(A new question of the week)
Having just looked at L’Hôpital’s Rule, we can conclude with a look at a recent question about it, to illustrate the reality of struggling to apply it (and the process we go through to help a student find an error).
Subhajit wrote this a couple months ago:
I am unable to solve the below problem. I will be highly obliged if you kindly solve this problem.
\(\displaystyle\lim_{x\rightarrow 0}\frac{\sinh x – x}{\sin x – x \cos x}\)
This is a classic example calling for L’Hôpital’s Rule, with the form 0/0.
If you are not familiar with “sinh”, the hyperbolic sine, see:
Hyperbolic Functions
They are similar to trigonometric functions, but based on a hyperbola. The value of \(\sinh 0\) is 0. The derivative of \(\sinh x\) is \(\cosh x\), and the derivative of \(\cosh x\) is \(\sinh x\).
After trying it out to see what difficulties he might face, I replied:
Have you tried L’Hopital’s Rule? You will have to apply it three times, until you no longer get the form 0/0.
If you need more help, please do as we ask on the submission page, and show your work (including why you are stuck), so we can know what kind of help you need.
I was supposing that the need to apply the rule repeatedly might be his issue, and hoping to see from his work if something else was going wrong.
He wrote back, only describing what he did, and giving his answer:
I apply L’hospital’s rule five times and the result comes out. Ans is -1/2.
Thanks for your support.
Both the number of repetitions, and the answer, were wrong; so I needed more in order to help. I said,
I applied the rule 3 times, and got +1/2, which agrees with the graph of the function:
I wonder if you might have failed to notice after three times that the expression no longer satisfied the requirements for L’Hopital, and should just be substituted. But if I do that, I get -1/4, not your -1/2. Perhaps you just made an arithmetic error somewhere.
This time, he responded by showing his work, using an image of handwritten work, as students often do (which was very difficult under the old system):
Sir, after applying three time L’Hospital’s rule I get the below form.
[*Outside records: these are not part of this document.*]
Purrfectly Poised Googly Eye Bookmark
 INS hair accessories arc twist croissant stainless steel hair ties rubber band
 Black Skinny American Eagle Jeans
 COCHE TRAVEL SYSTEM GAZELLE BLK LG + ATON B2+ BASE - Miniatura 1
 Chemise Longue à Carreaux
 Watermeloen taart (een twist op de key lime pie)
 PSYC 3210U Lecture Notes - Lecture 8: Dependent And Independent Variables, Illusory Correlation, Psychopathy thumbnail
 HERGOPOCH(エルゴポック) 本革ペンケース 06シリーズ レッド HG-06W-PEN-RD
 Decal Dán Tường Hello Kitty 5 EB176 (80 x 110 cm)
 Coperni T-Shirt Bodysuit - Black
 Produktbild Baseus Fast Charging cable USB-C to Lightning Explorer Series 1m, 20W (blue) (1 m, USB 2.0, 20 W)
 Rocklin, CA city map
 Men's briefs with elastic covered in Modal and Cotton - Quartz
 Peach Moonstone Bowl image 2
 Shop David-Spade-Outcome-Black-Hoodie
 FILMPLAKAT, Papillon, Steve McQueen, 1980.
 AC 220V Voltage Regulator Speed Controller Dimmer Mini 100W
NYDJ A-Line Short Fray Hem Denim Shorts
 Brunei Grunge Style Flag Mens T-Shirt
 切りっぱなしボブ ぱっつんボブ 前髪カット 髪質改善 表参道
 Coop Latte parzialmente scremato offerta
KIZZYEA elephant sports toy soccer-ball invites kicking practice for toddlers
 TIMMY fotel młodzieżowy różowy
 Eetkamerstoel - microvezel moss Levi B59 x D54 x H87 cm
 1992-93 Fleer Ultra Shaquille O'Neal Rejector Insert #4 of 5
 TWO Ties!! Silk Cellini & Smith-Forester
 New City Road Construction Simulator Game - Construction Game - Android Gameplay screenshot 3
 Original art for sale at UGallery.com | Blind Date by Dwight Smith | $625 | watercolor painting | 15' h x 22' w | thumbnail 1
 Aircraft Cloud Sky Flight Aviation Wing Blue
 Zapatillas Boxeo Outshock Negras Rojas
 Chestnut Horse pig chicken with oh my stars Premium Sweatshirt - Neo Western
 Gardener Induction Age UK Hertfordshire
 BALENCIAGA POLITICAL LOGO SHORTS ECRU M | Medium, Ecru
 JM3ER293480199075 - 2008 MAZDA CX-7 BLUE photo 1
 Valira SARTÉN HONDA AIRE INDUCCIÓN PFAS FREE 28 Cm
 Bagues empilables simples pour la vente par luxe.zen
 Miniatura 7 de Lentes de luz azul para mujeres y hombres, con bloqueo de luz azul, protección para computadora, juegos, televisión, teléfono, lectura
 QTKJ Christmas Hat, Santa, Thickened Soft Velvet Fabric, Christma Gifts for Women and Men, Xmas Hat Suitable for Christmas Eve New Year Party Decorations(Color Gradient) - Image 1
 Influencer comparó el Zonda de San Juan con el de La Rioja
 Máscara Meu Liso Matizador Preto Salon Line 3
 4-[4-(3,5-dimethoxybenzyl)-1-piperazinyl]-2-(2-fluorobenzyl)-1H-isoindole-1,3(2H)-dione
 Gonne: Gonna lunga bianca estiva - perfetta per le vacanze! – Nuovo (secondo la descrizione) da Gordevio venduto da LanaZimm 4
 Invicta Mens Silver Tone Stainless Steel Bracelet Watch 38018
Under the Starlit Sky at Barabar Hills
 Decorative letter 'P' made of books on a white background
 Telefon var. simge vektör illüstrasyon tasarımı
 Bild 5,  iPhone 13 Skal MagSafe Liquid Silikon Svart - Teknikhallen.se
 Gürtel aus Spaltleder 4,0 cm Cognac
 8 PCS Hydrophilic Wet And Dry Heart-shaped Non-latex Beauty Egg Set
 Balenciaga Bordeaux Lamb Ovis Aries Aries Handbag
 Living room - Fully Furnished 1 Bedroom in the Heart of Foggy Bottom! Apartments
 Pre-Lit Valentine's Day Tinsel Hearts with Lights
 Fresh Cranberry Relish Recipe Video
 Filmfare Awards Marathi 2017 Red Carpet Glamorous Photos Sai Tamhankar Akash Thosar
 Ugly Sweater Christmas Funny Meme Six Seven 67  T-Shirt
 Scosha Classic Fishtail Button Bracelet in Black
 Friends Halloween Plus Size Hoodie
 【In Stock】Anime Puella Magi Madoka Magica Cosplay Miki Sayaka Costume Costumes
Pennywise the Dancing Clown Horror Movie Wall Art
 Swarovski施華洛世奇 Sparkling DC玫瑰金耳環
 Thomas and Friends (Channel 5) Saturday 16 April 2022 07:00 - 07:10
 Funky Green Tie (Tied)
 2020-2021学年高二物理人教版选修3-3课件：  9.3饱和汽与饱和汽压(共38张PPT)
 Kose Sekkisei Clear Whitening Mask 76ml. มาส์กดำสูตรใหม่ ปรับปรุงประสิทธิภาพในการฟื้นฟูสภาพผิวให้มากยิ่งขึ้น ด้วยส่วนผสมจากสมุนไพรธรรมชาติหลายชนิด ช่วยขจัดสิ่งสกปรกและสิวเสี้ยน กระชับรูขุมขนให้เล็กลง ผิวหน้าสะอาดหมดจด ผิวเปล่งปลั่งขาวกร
If I put the limit it gives 1/0 which is undefined.
This is very well written, so I could easily see everything he did. He is close; he has apparently corrected one error (continuing too far – a very easy mistake to make), but has left another uncorrected. So we’ve made good progress.
I replied:
There is a sign error on your next to last line. Of course, since 1/0 is not a form suitable to L’Hopital’s rule, if you were correct, the limit would be undefined as you say.
That was the help he needed; he answered,
Thanks sir, I got it.
Mission accomplished; but let’s carry it to completion, for your sake! Here is the entire work, for the three steps:
$$\displaystyle\lim_{x\rightarrow 0}\frac{\sinh x – x}{\sin x – x \cos x} =\\ \lim_{x\rightarrow 0}\frac{\cosh x – 1}{\cos x – \cos x + x \sin x} = \lim_{x\rightarrow 0}\frac{\cosh x – 1}{x \sin x} \text{ [= 0/0]} =\\ \lim_{x\rightarrow 0}\frac{\sinh x}{\sin x + x \cos x} \text{ [= 0/0]} =\\ \lim_{x\rightarrow 0}\frac{\cosh x}{\cos x + \cos x – x \sin x} = \lim_{x\rightarrow 0}\frac{\cosh x}{2\cos x – x \sin x} = \frac{1}{2}$$
And we’re finished.
Now, if he had not noticed that his incorrect third step was 1/0, and continued, he would have done what he originally said, taking two more steps and reaching -1/2. (Try it.) So it is very likely that his error was two-fold: the sign error, and not stopping when it was no longer 0/0. Those are both easy mistakes to make, once you have momentum! So this is a good lesson in what to watch out for, and also good practice in differentiating carefully.